【業界トピックス】エリクソン、横浜にR&D拠点を開設へ。O-RAN研究など推進

エリクソン、横浜にR&D拠点を開設へ。O-RAN研究など推進

 エリクソン(Ericsson)は2026年2月18日、日本国内における新たな通信技術の研究開発拠点を横浜市のみなとみらい21地区(横浜シンフォステージ ウエストタワー)に開設すると発表した。同センターは2026年4月に稼働を開始し、2027年上半期に正式な開所を予定している。日本の高度な技術人材を活用し、次世代の無線技術やオープンなネットワークアーキテクチャの開発を推進することで、日本およびグローバル市場に向けたイノベーションの加速を目指す。

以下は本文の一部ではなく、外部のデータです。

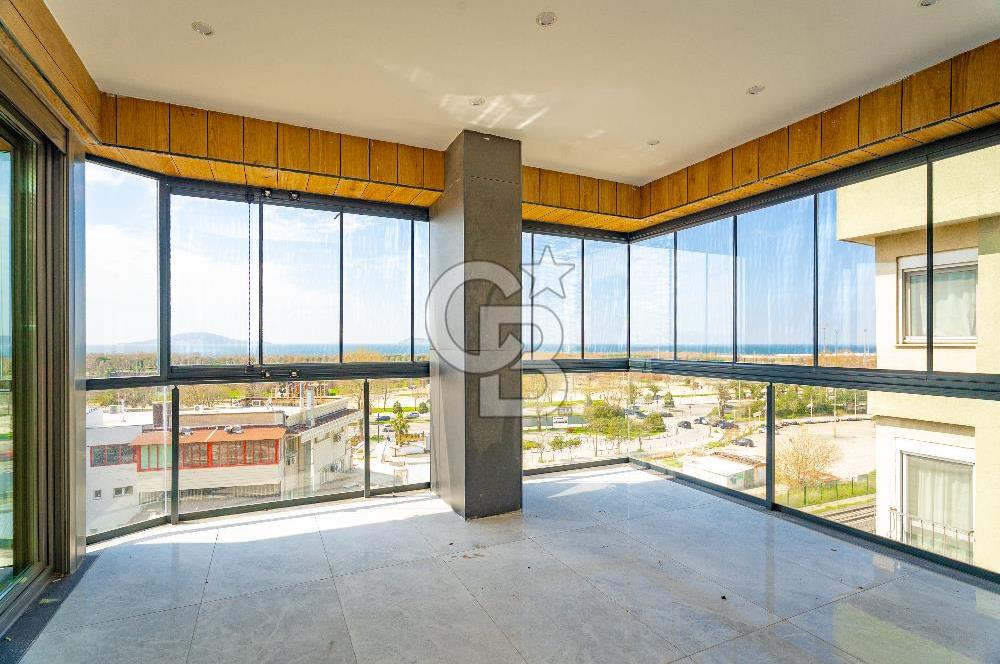 MALTEPE'DE KAPANMAZ DENİZ MANZARALI 200M² SATILIK 4+1 DAİRE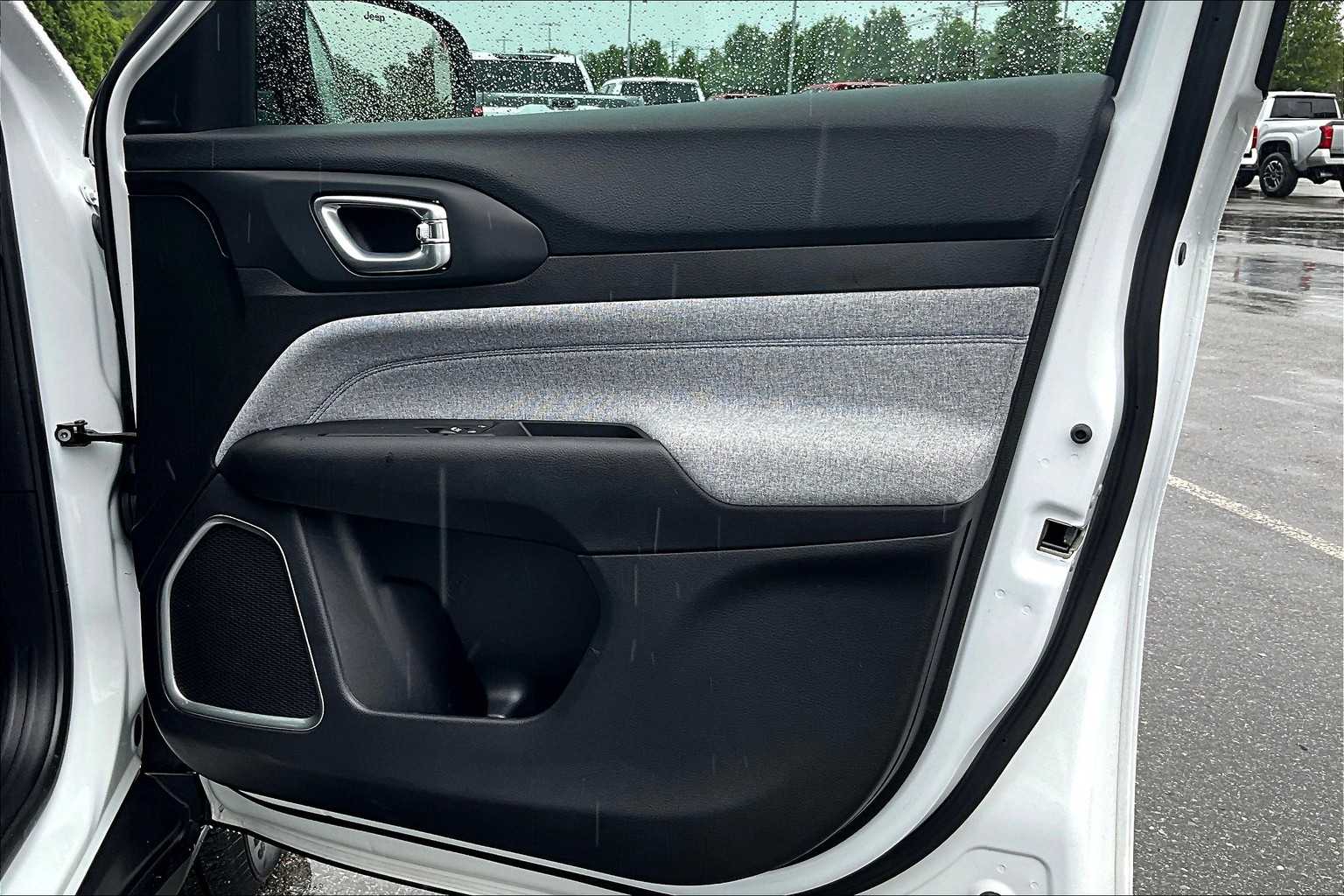 2022 Jeep Compass Latitude - Photo 12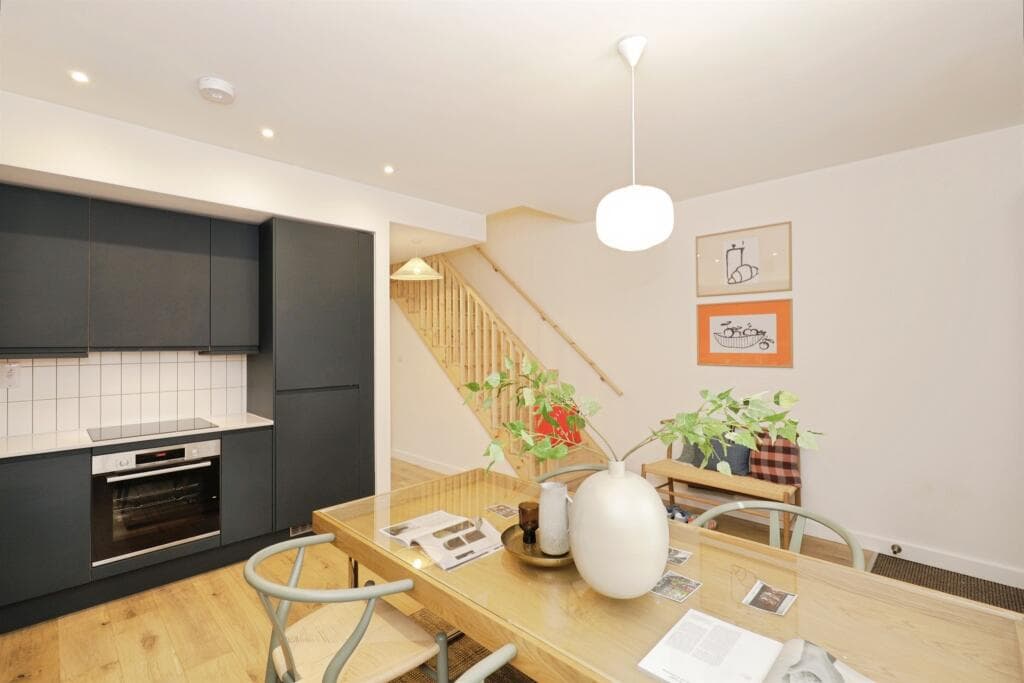 3 bedroom terraced house for sale in Duncombe Square, Burton Stone Lane, York, YO30 Image 4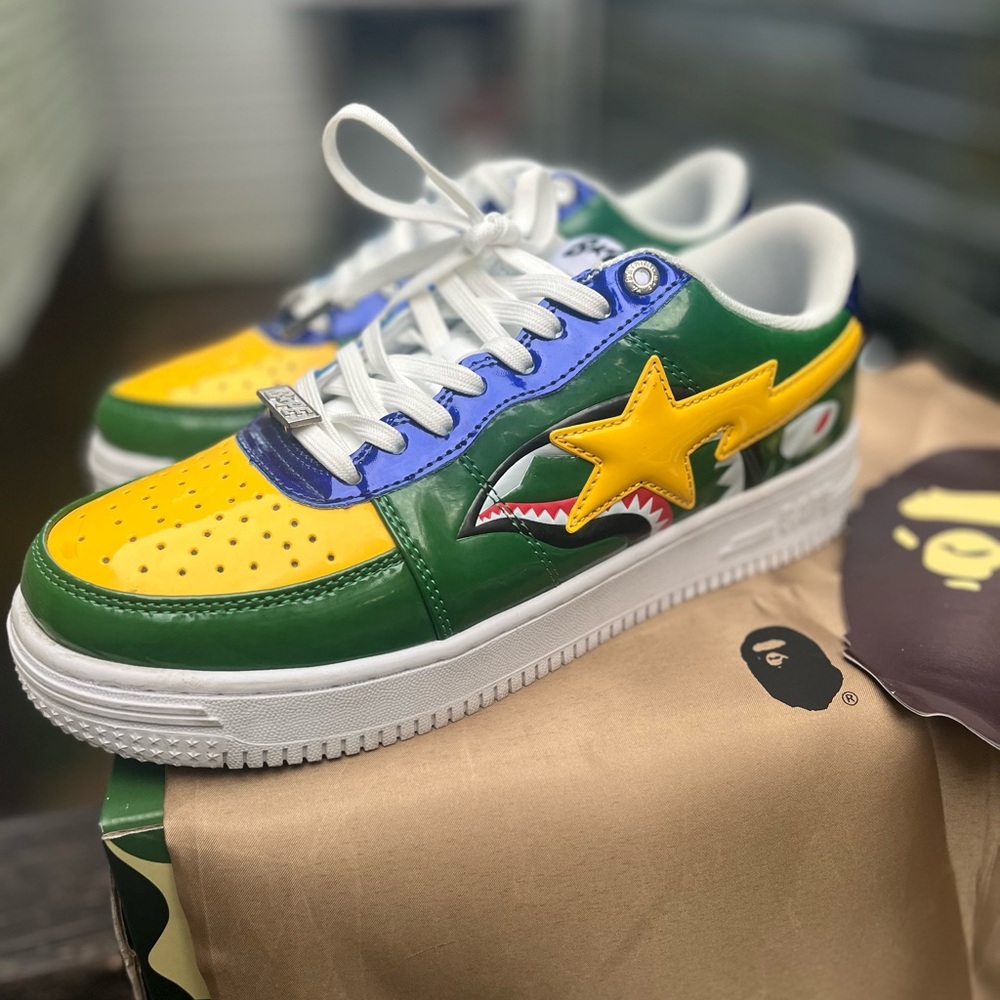 #Bapesta Low M2 'Green Shark Face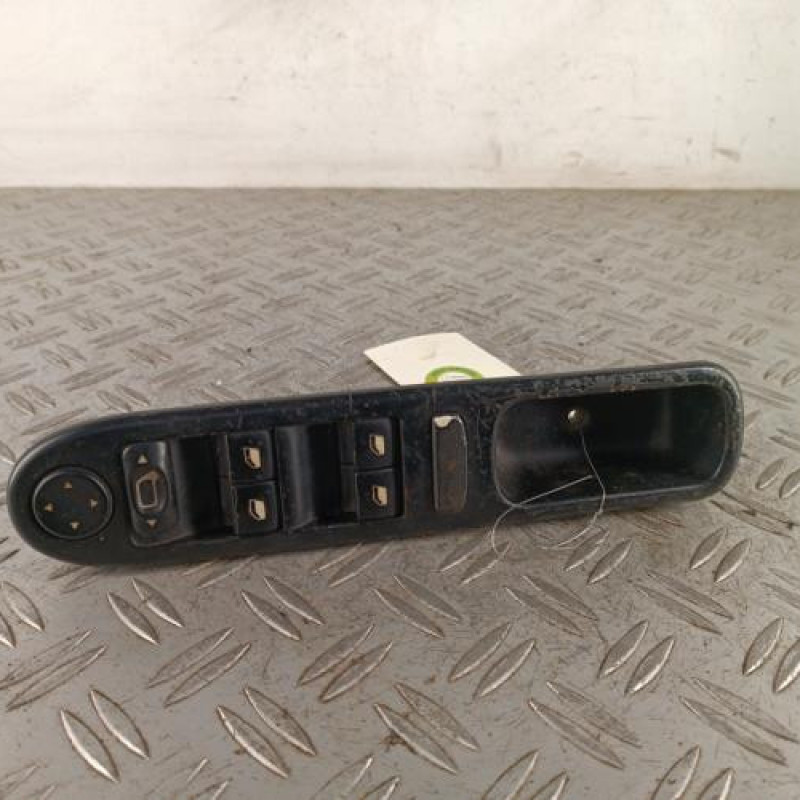 Interrupteur de leve vitre avant gauche PEUGEOT 307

エリクソンは2025年5月に日本への投資継続を表明しており、今回の横浜への拠点設置はその具体的な一環となる。同社は年間約50億ドルを世界の研究開発に投じているが、横浜拠点はそのグローバルネットワークにおける重要なハブの一つと位置付けられる。
新センターでは、無線のハードウェアおよびソフトウェアの開発に注力し、特にプログラム可能な5Gネットワークや、異なるベンダー間の機器を組み合わせて構築するOpen RAN(O-RAN)などの次世代技術を扱う。責任者には、エリクソンの日本における無線R&D部門のヘッドとしてヤン・フォルグレン(Jan Fallgren)氏が就任した。

5G/6GとAIが融合する次世代インフラの開発拠点
新拠点の主なミッションは、5Gの高度化に加え、その先の6Gを見据えた先端技術の創出だ。AIを活用したネットワークの最適化や、電力効率を向上させるソリューションの開発も進められる。また、国際的な標準化活動への支援も重要な役割の一つとして挙げられている。ICT業界では、ネットワークの仮想化やプログラマブル化が進展しており、同センターがこれらの技術を牽引することで、日本の通信事業者がより柔軟かつ安全なインフラを構築できるよう支援する構えだ。

国内外のパートナーシップと人材育成を強化
横浜市は産官学の連携が盛んなイノベーションの集積地であり、エリクソンは既存の施設に近いみなとみらい地区を戦略的拠点として選定した。最大300人規模の採用を計画しており、日本の大学新卒者や経験豊富な技術者を募ることで、将来の通信エンジニア育成にも寄与する方針だ。また、北東アジア地域の総責任者、シャフィック・ナシーフ(Chafic Nassif)氏は、国内の情報通信産業エコシステム全体を強化し、日本のDXや経済安全保障の強化を後押しすると述べている。

今回の拠点開設は、日本の通信市場におけるエリクソンのプレゼンスをさらに高めるだけでなく、日本発の技術を世界へ発信する足がかりとなることが期待される。通信キャリアがO-RANやAI駆動型ネットワークへの移行を模索する中、国内に強力なR&D拠点を構える意義は大きいだろう。